- **What you will do**
Pictures stay out of the copy. Retype exactly the lines below from the one with "25 Nw Lowery" through the one with "USGI used ACU".

- **Records**
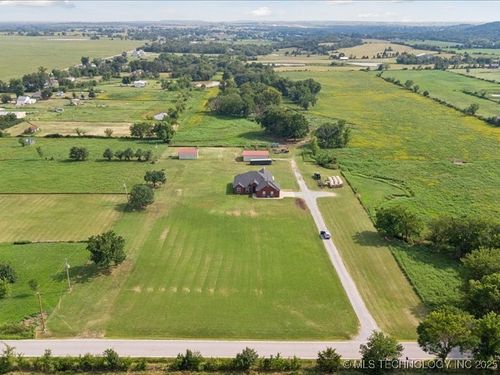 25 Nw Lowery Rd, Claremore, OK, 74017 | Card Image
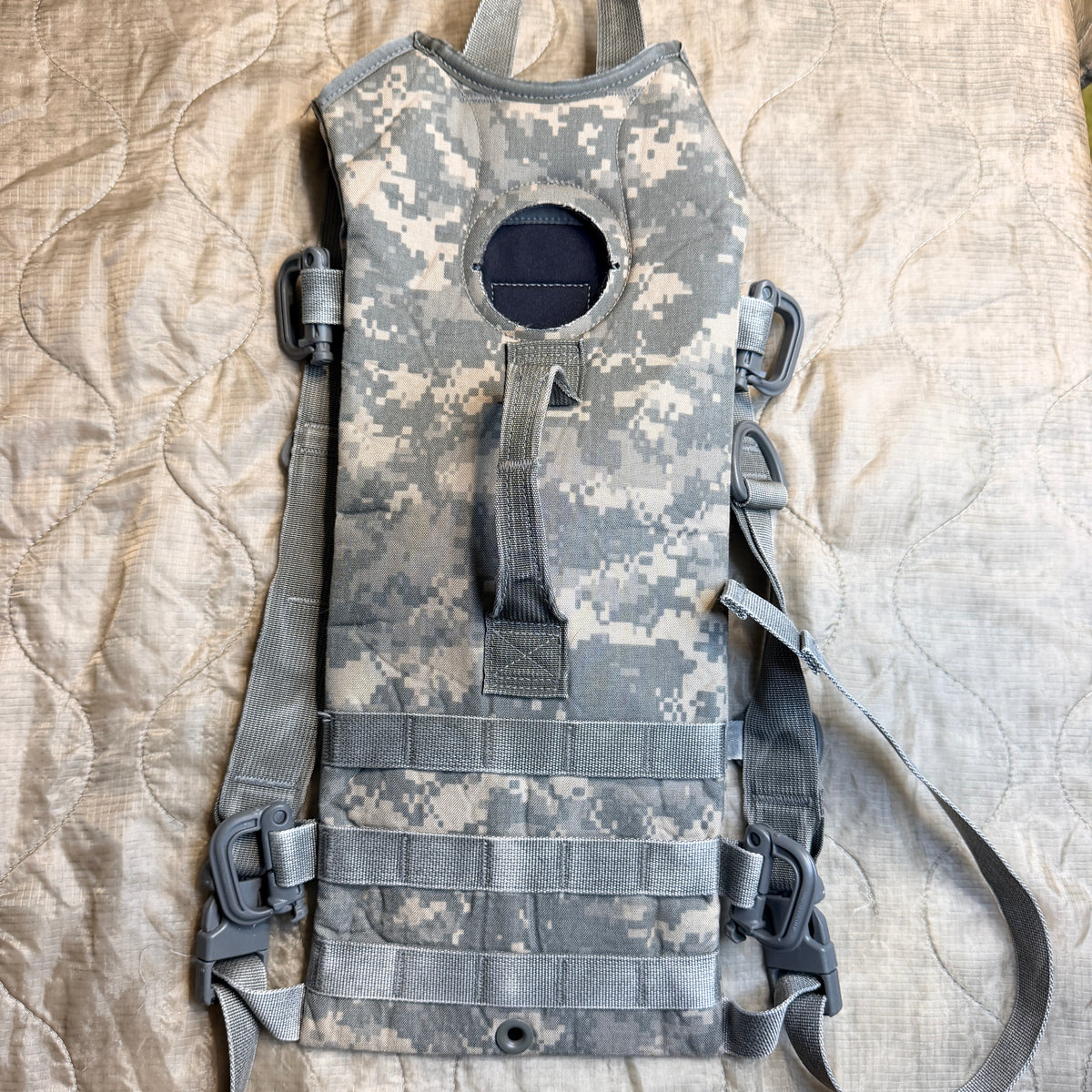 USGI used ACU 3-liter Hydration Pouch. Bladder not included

* * *

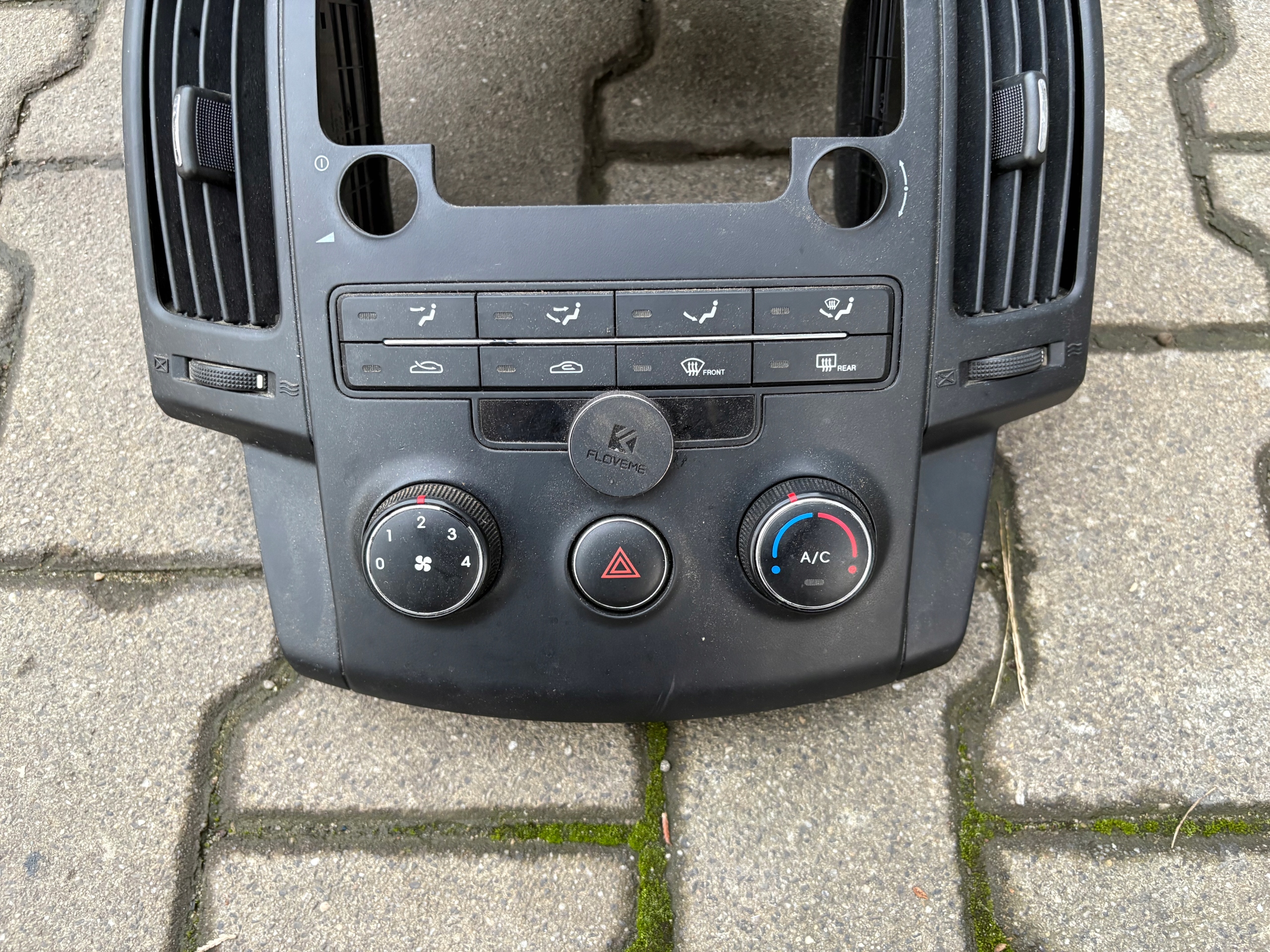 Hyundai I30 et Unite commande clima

- **Exercise result**
 25 Nw Lowery Rd, Claremore, OK, 74017 | Card Image
 USGI used ACU 3-liter Hydration Pouch. Bladder not included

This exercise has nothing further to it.